Last weekend, I got a box of fresh blackberries from Costco and baked a batch of these beautiful looking blackberry muffins.
Blackberry is a great source of antioxidant–in fact, the highest of all accordingly to this article—meaning you’re more likely to stay younger, healthier, and live longer with lots of blackberries.
Sounds good to me.
After many attempts in baking muffins, I’ve gotten pretty good at it, so much so that I no longer need to refer to my muffin recipes for these blackberry muffins.
So, load up on blackberries the next time you see them in your market and bake yourself some blackberry muffins.
This Recipe Goes Well with:
Blackberry Muffins Recipe
A delicious recipe for fluffy, tender, moist-crumbed Blackberry Muffins that are bursting at the seams with fresh blackberries.

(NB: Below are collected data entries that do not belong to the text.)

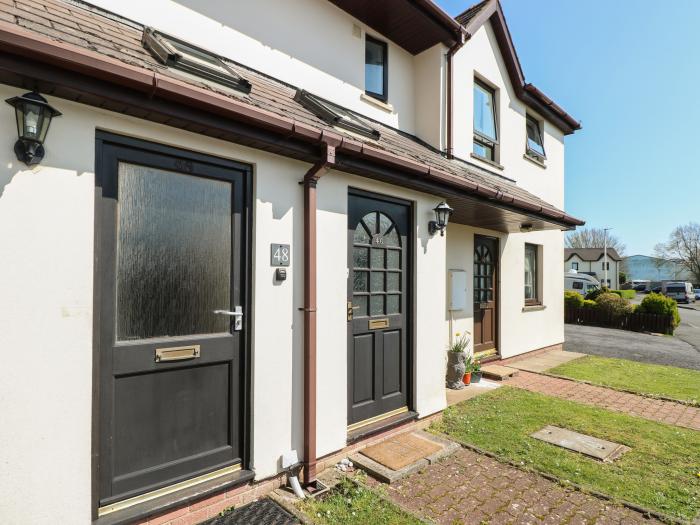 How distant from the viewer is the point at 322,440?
377cm

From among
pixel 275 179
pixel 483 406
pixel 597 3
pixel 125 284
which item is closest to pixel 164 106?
pixel 275 179

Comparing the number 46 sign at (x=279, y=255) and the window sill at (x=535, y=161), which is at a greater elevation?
the window sill at (x=535, y=161)

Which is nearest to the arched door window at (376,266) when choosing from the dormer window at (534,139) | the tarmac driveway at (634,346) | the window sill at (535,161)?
the window sill at (535,161)

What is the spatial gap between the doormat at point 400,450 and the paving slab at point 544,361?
→ 467 cm

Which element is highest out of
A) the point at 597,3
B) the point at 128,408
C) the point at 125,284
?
the point at 597,3

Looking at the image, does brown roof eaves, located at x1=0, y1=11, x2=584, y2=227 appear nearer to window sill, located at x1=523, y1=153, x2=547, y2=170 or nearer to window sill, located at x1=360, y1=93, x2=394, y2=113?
window sill, located at x1=360, y1=93, x2=394, y2=113

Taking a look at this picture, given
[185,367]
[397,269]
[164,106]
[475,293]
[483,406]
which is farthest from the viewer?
[475,293]

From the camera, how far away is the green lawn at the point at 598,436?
11.3 ft

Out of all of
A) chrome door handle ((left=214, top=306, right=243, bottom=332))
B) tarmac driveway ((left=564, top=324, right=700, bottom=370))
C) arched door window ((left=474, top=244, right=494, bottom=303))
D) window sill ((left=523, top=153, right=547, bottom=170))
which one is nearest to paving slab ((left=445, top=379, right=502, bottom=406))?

- 1 1/2 cup all-purpose flour
- 1 teaspoon baking powder
- 1/2 teaspoon Salt
- 1/4 cup sugar
- 1/2 stick unsalted butter, melted and cooled (4 tablespoons or 60 grams)
- 1 large egg, beaten
- 3/4 cup plus 2 teaspoon milk
- 1 1/2 cups blackberries
Preheat oven to 400 degree F. Line a muffin pan with 10 paper muffin cups or spray with non-stick cooking spray. If you have a twelve-hole muffin pan, fill the two empty cups halfway with water (this makes the muffins moist).
Sift the flour, baking powder, and salt into a large bowl. Stir in the sugar. In another bowl, together the melted butter, egg, and milk. You can also use an electronic hand mixer. Pour the wet ingredients over the dry ingredients and whisk until just blended (mixture should be slightly lumpy).
Add the blackberries to a bowl and stir them in just enough to combine.
Divide the batter evenly among the prepared muffins cups. Bake the blackberry muffins until golden, for about 20-25 minutes. Remove the blackberry muffins from the pan and transfer to a wire rack to cool. Blackberry muffins are best served warm.